Naim Attallah, the latest in a long line of company chief executives to be exasperated by the stock market, said: 'We are going to be less and less and less vulnerable, to please the analysts.'
He said the group would achieve this by expanding its Watches of Switzerland, Mappin & Webb and Garrard chains.
Asprey shares have fallen from 310p to 135p since 9 September, after Mr Attallah warned that the company was 'likely to be only marginally profitable at best' in the six months that ended on 30 September. The interim results will be announced next month.
In a wide-ranging interview, Mr Attallah denied that the sudden 50p fall in the share price earlier this month signalled any hidden problems.

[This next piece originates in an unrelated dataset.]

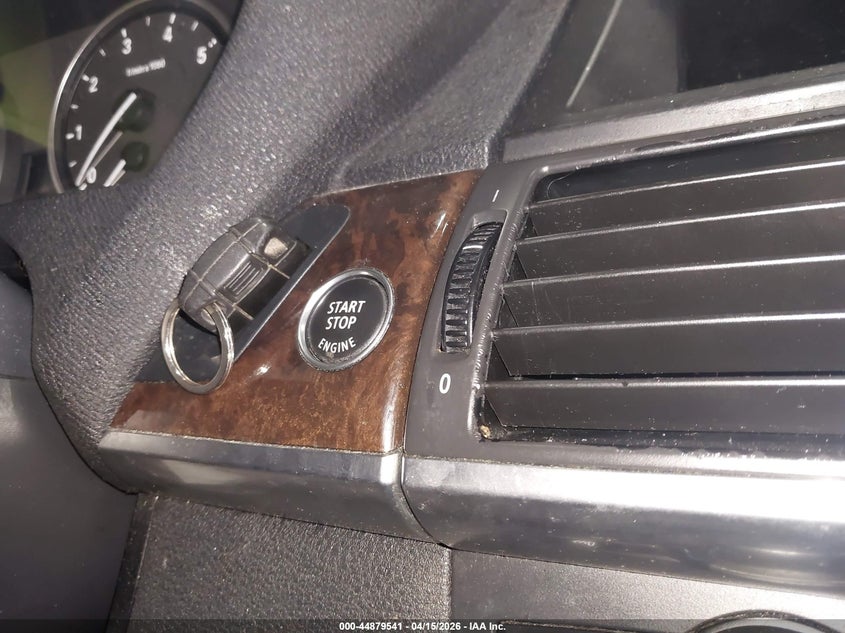 2011 BMW X5 xDrive50I VIN: 5UXZV8C59BL418992 Lot: 44879541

'I don't know who's spreading all these scurrilous rumours, which are without foundation,' he said, gesticulating wildly. 'It's up to the market how it views our shares. All I can say is that the progress of Asprey has been spectacular and I don't know why it shouldn't continue.'
However, he conceded that the group still depended on a few rich people walking through the door of Asprey's Bond Street showroom and placing orders worth several million pounds.
'I find it extremely difficult to predict what Asprey will do,' he admitted.
'A Saudi prince could walk in tomorrow and order pounds 20m of silver and diamonds.' That is why Mappin and Garrard are more predictable - they sell nothing worth more than pounds 75,000 and, according to Mr Attallah, appeal mainly to tourists. But the hardest market to please seems to be the stock market. 'Maybe we were too gloomy,' Mr Attallah lamented.